How many features do I select when doing feature selection for regression algorithms? Is R2 and RMSE good measures of success for overfitting?
Context: I'm currently crafting and comparing machine learning models to predict housing data. I have around 32000 data points, 42 features, and I'm predicting housing price. I'm comparing Random Forest Regressor, Decision Tree Regressor, and Linear Regression. I can tell there is some overfitting going on, as my initial values vs cross validated values are as follows:
RF: 10 Fold R Squared = 0.758, neg RMSE = -540.2 vs unvalidated R Squared of 0.877, RMSE of 505.6
DT: 10 Fold R Squared = 0.711, neg RMSE = -576.4 vs unvalidated R squared of 0.829 and RMSE of 595.8.

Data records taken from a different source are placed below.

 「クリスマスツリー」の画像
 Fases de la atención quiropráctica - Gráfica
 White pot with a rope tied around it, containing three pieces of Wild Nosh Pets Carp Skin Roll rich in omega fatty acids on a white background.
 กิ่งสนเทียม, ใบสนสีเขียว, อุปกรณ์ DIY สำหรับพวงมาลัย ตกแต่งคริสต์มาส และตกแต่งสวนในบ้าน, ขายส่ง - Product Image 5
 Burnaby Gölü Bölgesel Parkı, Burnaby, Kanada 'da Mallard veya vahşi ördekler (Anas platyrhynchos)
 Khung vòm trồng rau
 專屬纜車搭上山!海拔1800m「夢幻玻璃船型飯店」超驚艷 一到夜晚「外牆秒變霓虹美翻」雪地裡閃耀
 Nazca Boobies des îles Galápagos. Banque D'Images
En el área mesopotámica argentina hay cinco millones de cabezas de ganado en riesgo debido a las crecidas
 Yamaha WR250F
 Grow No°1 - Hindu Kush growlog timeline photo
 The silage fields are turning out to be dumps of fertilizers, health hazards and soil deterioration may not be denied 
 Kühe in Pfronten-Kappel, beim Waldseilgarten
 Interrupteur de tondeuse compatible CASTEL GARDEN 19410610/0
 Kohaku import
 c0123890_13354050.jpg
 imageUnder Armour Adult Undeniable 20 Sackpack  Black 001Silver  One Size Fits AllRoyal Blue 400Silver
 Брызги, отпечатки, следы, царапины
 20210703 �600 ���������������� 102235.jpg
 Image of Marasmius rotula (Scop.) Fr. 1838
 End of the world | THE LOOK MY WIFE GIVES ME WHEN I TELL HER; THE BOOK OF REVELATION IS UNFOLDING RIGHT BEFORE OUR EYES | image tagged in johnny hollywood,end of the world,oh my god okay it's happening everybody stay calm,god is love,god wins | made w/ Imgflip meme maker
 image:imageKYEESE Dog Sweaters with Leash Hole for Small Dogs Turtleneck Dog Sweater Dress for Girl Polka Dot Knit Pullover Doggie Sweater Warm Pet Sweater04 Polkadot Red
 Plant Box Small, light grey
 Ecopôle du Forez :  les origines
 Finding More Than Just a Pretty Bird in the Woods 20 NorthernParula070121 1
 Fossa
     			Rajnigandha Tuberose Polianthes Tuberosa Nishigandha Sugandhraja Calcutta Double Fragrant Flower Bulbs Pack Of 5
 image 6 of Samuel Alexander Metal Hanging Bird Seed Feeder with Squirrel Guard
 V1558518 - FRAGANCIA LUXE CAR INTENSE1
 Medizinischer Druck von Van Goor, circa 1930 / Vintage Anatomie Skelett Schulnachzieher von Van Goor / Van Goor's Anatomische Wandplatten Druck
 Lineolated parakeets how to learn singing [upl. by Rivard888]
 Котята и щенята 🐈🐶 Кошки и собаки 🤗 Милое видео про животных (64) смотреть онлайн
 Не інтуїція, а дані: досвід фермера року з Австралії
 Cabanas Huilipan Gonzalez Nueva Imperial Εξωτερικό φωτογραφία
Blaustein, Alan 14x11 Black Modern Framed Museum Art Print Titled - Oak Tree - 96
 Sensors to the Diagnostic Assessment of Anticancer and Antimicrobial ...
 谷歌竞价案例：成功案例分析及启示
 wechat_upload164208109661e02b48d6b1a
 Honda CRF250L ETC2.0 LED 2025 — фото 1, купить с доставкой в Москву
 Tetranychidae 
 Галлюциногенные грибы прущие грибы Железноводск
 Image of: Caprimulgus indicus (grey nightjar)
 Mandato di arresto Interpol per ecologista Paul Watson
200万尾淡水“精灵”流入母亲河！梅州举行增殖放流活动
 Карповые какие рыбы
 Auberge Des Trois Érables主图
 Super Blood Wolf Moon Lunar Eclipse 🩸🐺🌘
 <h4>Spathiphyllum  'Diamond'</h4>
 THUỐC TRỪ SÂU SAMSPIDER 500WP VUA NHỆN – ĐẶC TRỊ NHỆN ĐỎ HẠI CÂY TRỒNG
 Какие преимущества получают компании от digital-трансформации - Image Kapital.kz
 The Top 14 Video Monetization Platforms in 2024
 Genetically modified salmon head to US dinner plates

LR: 10 Fold R squared = 0.695, neg RMSE = -596.5 vs unvalidated R squared of 0.823 and RMSE of 603.7
I have already tuned the hyperparameters for RF and DT, so I was thinking about doing feature selection as a next step to cut down on some of this overfitting (especially since I know my feature importances/coefs).I want to do feature selection now with a filter method (i.e. pearsons) as I want to keep the features going into each model consistent.
Question: How would I decide on a number of features to choose using feature selection? Is it arbitrary? Or do I basically just remove all of them that don't have much correlation with the data? Is there a way to spit out an optimized set of features without doing grid search or random search?
Follow up question: Are the R2 and RMSE cross validated values good measures of success for overfitting comparison?